Evasion, as a psychic phenomenon, is a form of escape from reality. Avoidance occurs in various forms and can turn into more serious psychological problems. To understand avoidance, it is necessary to understand why many individuals seek to escape reality, as well as to distinguish this phenomenon from others that are similar. The fundamental question to understand evasion is: why flee from reality?

Human beings are, like all other living beings, bearers of needs. A living being only survives if it satisfies certain needs. These basic needs are eating, drinking, sleeping, reproducing, etc. Daily toil is necessary for millions of human beings. Historically, there have been times when no human being escaped – except in brief moments of life, like very young children or the elderly – from work.

With the emergence of class societies, a division emerged between those who dedicated themselves to the production of means of survival, aimed at satisfying basic needs, and those who were freed from the production of material goods and, thus, dedicated themselves to population control. (rulers and warriors), as well as those focused on intellectual production (philosophers, artists, etc.), or reproduction of the domestic unit, among other social activities. What matters in this process is that at this moment the possibility of releasing manual work emerges and, thus, the possibility of developing other activities.

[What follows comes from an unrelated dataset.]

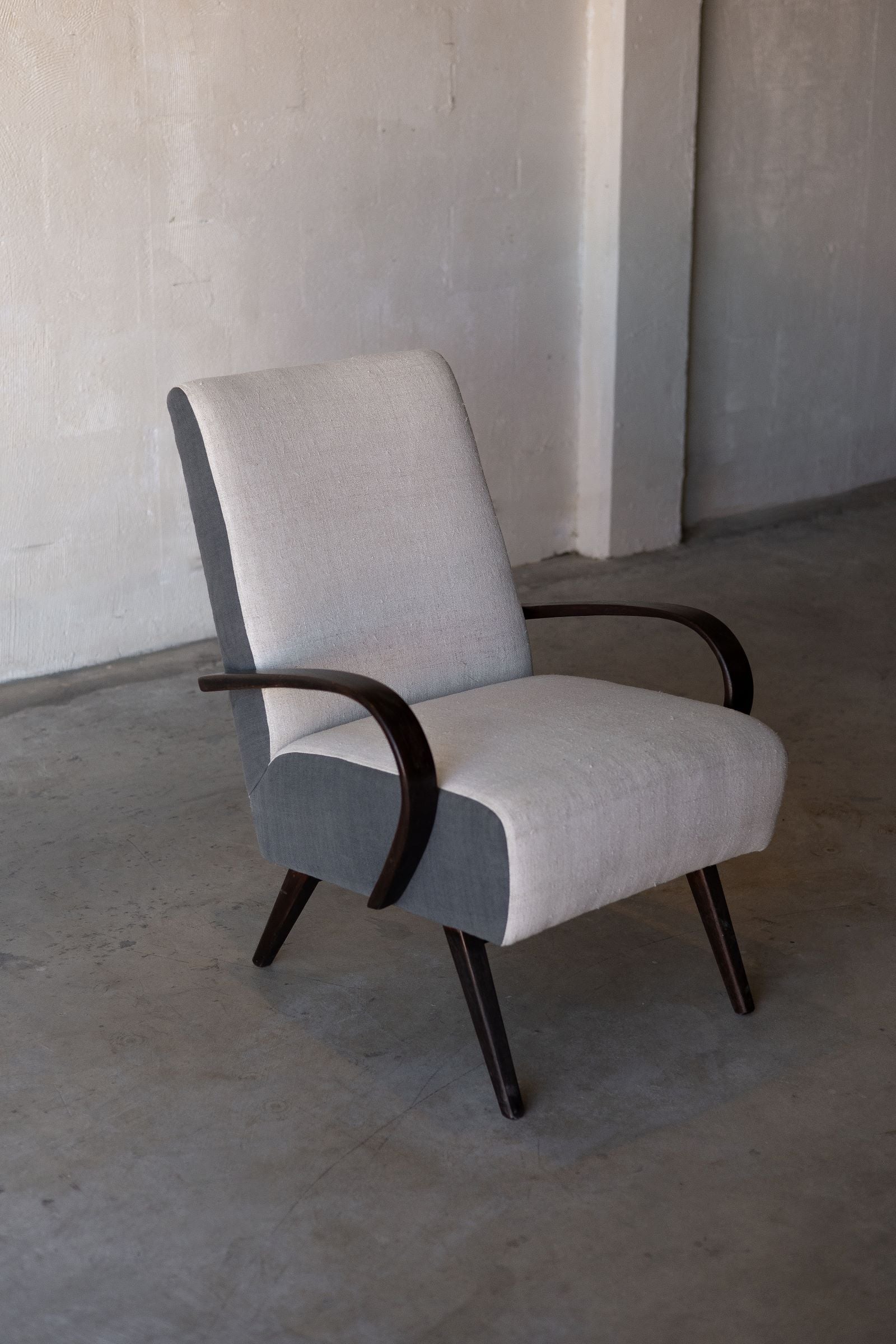 Side angle photo of vintage Halabala lounge chair with curved wooden armrest and wooden legs, featuring cream linen reupholstery on backrest and seat.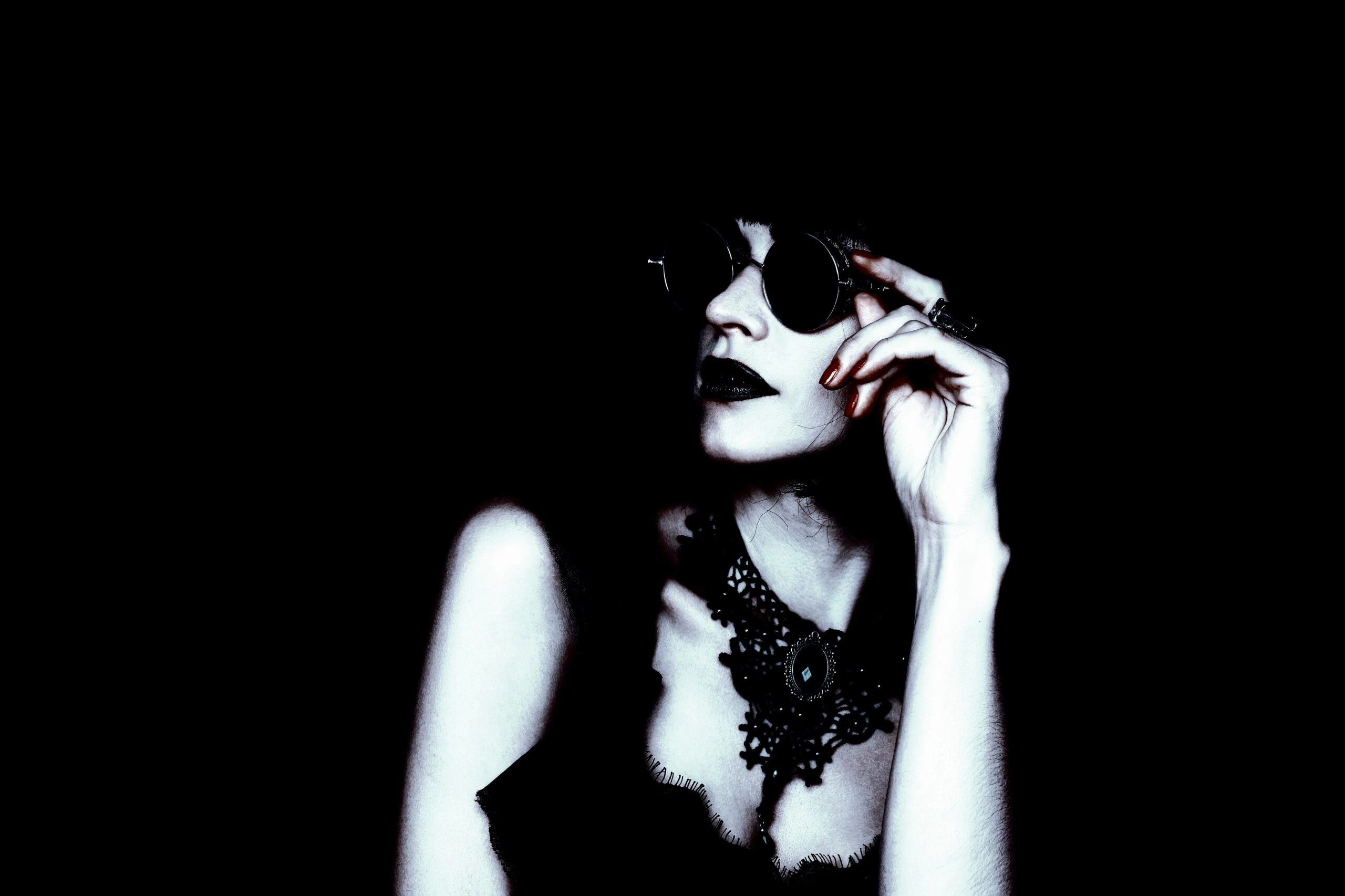 Woman in dark sunglasses and lace choker, gazing to the side in moody lighting with a dramatic, gothic style.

Manual workers, exhausted by work, seek rest, pleasure, the satisfaction of their basic needs. Evasion can occur through dreams and daydreams, among other possible ways, but not so practiced. Individuals from the upper classes, freed from manual labor, can practice evasion more extensively, as they have available time. Some escaped through religion or orgies, among other forms of manifestation. This process changes with the emergence of capitalist society. And here we begin to better understand the problem of evasion, as it is in modern society that it manifests itself most intensely and widely.

In bourgeois society, basic needs are not fulfilled by millions of human beings. Approximately 10% of humanity goes hungry, not satisfying the most pressing basic need. In addition to these, there are millions of unemployed, homeless, and others who manage to feed themselves reasonably, but cannot satisfy other basic needs. These find themselves in a situation where reality is hostile. These human beings are faced with a miserable world alongside wealth and waste. Thousands suffer from police repression, lack of access to collective goods, among several other processes.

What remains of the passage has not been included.